Die Grundidee ruft zwangsläufig Erinnerungen an die Hochphase der Allfinanz wach, deren theoretische Grundlagen in den neunziger Jahren eine Blüte erlebte und dann bis zur Finanzkrise eher mäßig erfolgreich in die Praxis umgesetzt wurde. Die Übernahme der Dresdner Bank durch die Allianz, der Erwerb der Mehrheitsanteile am Deutschen Herold durch die Deutsche Bank und die mit Kapitalunterlegung untermauerte Zusammenarbeit der Commerzbank mit Generali unter dem Zeichen der europäischen Wahlverwandtschaften waren klassische Beispiele für strategische Übungen von Banken und Versicherern zur Bildung von branchen- und länderübergreifenden Finanzkonglomeraten. Als wirklich erfolgreich hat sich das Konzept allerdings nicht erwiesen. Insbesondere das Vertriebsgebahren der Versicherungsbranche und höchst unterschiedliche Unternehmenskulturen wurden oft als großes Hindernis genannt. Und spätestens im Laufe der Aufarbeitung der Folgen der jüngsten Finanzkrise wurden viele Kapitalverflechtungen wieder aufgelöst und Kooperationen beendet. Auch die ING-Gruppe hat sich in dieser Zeit von ihrem Versicherungsgeschäft, das ihr infolge von Fusionen beim Aufbau des niederländischen Finanzkonzerns zugefallen war, auf sanften politischen und/oder aufsichtsrechtlichen Druck getrennt. Nicht zuletzt das Handling der regulatorischen Anforderungen aus dem Bank- und dem Versicherungssektor gilt als zu komplex. Wirkliche Allfinanzkonglomerate gibt es in Europa nur recht wenige, darunter die DZ-Bank, BNP und Crédite Agricole in Frankreich, die belgische KBC sowie die finnische Oko Bank. Und auch die niederländische Rabobank lebt von der Sache her dieses Konzept, wenn auch mit anderen kapitalmäßigen Verflechtungen.

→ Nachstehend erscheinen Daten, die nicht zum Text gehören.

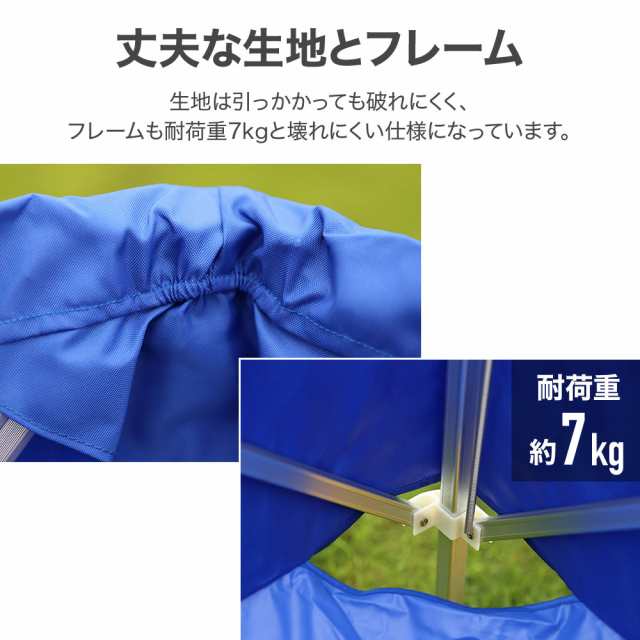 ボールカゴ ボールかご 折りたたみ 式 バレー サッカー バスケ ボールカゴ ボールかご 折りたたみ 式 バレー サッカー バスケ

Im Zuge der Digitalisierung und des immens zunehmenden Vertriebs von Finanzprodukten über Plattformen wird der Allfinanzgedanke seit einigen Jahren wiederentdeckt. Hierzulande hat die Allianz ihre grundsätzliche Bereitschaft bekundet, über den Vertriebskanal der Banken Versicherungsprodukte vertreiben zu wollen. Wie der Wettbewerber Generali hat der Münchener Konzern mit der Unicredit erst kürzlich eine Vereinbarung zum Verkauf von Versicherungsprodukten in Osteuropa getroffen. Und nun folgt eben Axa und die ING-Group - hierzulande übrigens auf Kosten der erst im Frühjahr 2017 vereinbarten Zusammenarbeit der ING-Diba mit dem Online-Versicherungsmakler Clark. Auf Kapitalverflechtungen wird in all diesen Fällen bislang verzichtet.

Mit ihrem tapferen Festhalten an der Allfinanzstrategie über die Finanzkrise hinweg sind die beiden deutschen Verbünde damit ganz unverhofft wieder voll im Zeichen der Zeit. Ob sie allerdings auch bei der Entwicklung von Plattformkonzepten Schritt halten können?